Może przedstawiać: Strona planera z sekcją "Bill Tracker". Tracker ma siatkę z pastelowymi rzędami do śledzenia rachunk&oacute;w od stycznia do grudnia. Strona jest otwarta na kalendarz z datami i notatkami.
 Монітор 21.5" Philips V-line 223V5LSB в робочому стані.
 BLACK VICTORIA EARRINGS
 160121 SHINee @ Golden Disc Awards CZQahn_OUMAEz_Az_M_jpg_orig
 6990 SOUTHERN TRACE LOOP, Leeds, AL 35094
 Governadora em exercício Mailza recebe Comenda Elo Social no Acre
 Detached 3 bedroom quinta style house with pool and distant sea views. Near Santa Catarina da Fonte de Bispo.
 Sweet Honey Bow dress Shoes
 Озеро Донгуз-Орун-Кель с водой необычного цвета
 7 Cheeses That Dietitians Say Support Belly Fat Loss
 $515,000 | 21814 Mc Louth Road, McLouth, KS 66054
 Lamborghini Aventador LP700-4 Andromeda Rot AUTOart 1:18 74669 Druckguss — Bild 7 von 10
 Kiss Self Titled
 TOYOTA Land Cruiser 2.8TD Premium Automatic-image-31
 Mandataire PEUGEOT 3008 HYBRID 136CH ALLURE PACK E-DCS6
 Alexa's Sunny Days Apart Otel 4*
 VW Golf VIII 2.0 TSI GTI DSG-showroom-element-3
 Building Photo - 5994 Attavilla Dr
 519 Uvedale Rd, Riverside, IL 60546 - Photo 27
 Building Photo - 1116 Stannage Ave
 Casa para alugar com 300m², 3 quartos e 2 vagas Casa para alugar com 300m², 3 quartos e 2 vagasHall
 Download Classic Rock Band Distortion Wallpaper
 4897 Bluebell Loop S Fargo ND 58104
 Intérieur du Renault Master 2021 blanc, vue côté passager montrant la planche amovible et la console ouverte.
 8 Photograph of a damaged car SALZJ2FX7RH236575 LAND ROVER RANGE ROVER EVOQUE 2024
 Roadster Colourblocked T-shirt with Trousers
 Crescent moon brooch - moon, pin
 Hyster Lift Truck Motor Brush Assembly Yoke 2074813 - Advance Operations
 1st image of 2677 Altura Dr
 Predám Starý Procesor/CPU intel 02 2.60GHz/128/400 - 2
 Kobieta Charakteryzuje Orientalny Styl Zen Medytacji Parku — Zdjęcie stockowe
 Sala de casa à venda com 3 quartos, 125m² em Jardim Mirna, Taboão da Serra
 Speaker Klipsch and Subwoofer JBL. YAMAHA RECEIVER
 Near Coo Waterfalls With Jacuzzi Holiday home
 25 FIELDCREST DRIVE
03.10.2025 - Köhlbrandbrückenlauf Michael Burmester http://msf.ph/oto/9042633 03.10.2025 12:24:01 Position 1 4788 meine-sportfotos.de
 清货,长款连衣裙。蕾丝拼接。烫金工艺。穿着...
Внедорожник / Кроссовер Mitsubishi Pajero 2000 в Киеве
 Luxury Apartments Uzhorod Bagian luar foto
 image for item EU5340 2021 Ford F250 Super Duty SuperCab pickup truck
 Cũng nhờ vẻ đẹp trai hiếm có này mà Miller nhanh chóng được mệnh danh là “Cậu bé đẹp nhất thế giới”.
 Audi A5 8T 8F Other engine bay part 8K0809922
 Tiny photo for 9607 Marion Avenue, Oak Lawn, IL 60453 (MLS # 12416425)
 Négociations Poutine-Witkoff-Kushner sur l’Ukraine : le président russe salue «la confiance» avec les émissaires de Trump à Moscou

☆ ☆ ☆ ☆

WORK INSTRUCTIONS: Go through the material and copy each line that contains "Near".

WRITTEN RESPONSE:
 Detached 3 bedroom quinta style house with pool and distant sea views. Near Santa Catarina da Fonte de Bispo.
 Near Coo Waterfalls With Jacuzzi Holiday home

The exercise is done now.